Jean Michel Jakobowicz, ONUG

Le lendemain matin au petit déjeuner, toute la famille est réunie autour de la table de la cuisine. C’est le seul moment de la journée où tout le monde est là, car bien souvent le soir, soit Esther la mère travaille tard, soit Nari le père assiste à une réunion. Le petit déjeuner est toujours copieux car comme le dit Esther:

— Le matin il faut manger comme un empereur, à midi comme un roi et le soir comme un mendiant!

C’est au moment où Nari entame son quatrième toast que Kaïnda demande à Esther:

— Dis, Maman, en fait la machine que tu as fabriquée, elle marche bien?
— Oui, répond la mère elle marche très bien. Mais elle est encore totalement expérimentale!
— Et dans combien de temps les hommes pourront-ils l’utiliser? Demande Leïla.
— Pas avant quelques années, il y a encore beaucoup trop de problèmes en particulier il y a fréquemment des phénomènes d’interférences!
— Et c’est quoi, les phénomènes d’interférences? Demande Paulo.
— Il arrive parfois que lors du transfert, certaines particules se mélangent à d’autres! Enfin vous voyez ce que je veux dire…
— Non, pas exactement, dit Shibao, est-ce que tu veux dire que les particules se mélangent et lorsqu’elles se recomposent leur structure est différente?
— Exactement, lui répond Esther, les particules se mélangent et forment de nouvelles structures. Pour vous donner un exemple concret, on pourrait très bien imaginer qu’on envoie un animal d’un point à un autre et qu’il arrive à destination incomplet!

Les enfants se regardent inquiets, certains même comme Julie et Leïla deviennent légèrement pâles. Pablo demande:

— Et ces phénomènes d’interférences arrivent fréquemment?
— Non pas très souvent mais suffisamment souvent quand même pour qu’il soit hors de question d’utiliser cette machine avec des êtres humains! Conclut Esther. Le tout est une question de mise au point et d’ici quelque temps cette machine fonctionnera très bien.
— Tu es certaine que maintenant elle ne fonctionne pas très bien? Insiste Pablo.
— Oui! Mais pourquoi vous intéressez-vous autantà cette machine tout à coup? Demande Esther.
— Pour rien, dit Julie, c’est juste pour savoir.
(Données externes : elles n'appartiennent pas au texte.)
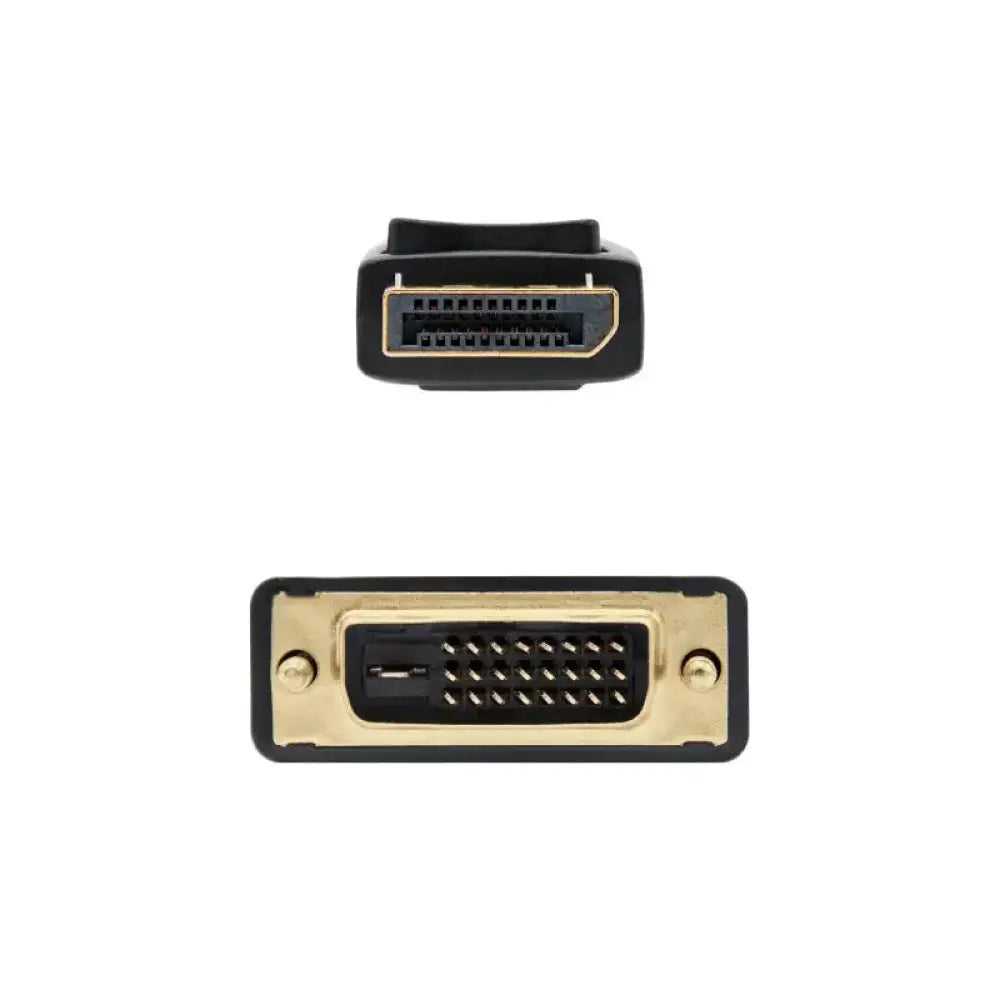 Nanocable Cable Conversor DP a DVI 1 M Negro - detalle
Le petit déjeuner se termine sur un silence lourd d’inquiétudes. Ce silence est loin d’être courant, d’ordinaire il règne plutôt une joyeuse animation autour de la table. Esther se demande ce qui se passe et se promet d’en parler à Nari le soir même. Mais bien vite les impératifs de l’horaire reprennent le dessus et après avoir embrassé les enfants, Esther et Nari s’en vont en coup de vent.
À peine les parents ont-ils tourné les talons que les enfants se mettent à parler tous ensemble. Bien vite Leïla prend le dessus:

— Tu nous as mis dans un drôle de pétrin! Dit-elle Pablo.
— Vous vous rendez compte, dit Julie, des fois il y a des interférences!
— Vous croyez qu’on a été soumis à des interférences? Demande Kaïnda.
— Je ne sais pas, répond Pablo, il faut regarder!
— Il n’est pas question que je me déshabille devant les garçons! Dit Julie.
— Qui a parlé de se déshabiller devant les garçons, réplique Pablo, tu n’as qu’à le faire devant le grand miroir de la chambre des parents.
— Qui veut être le premier? Demande Leïla.
— Pas moi, répond immédiatement Pablo affolé à l’idée de découvrir qu’il n’est pas vraiment entier.
— Eh bien moi j’y vais, dit Shibao. Puis il disparaît dans la chambre des parents.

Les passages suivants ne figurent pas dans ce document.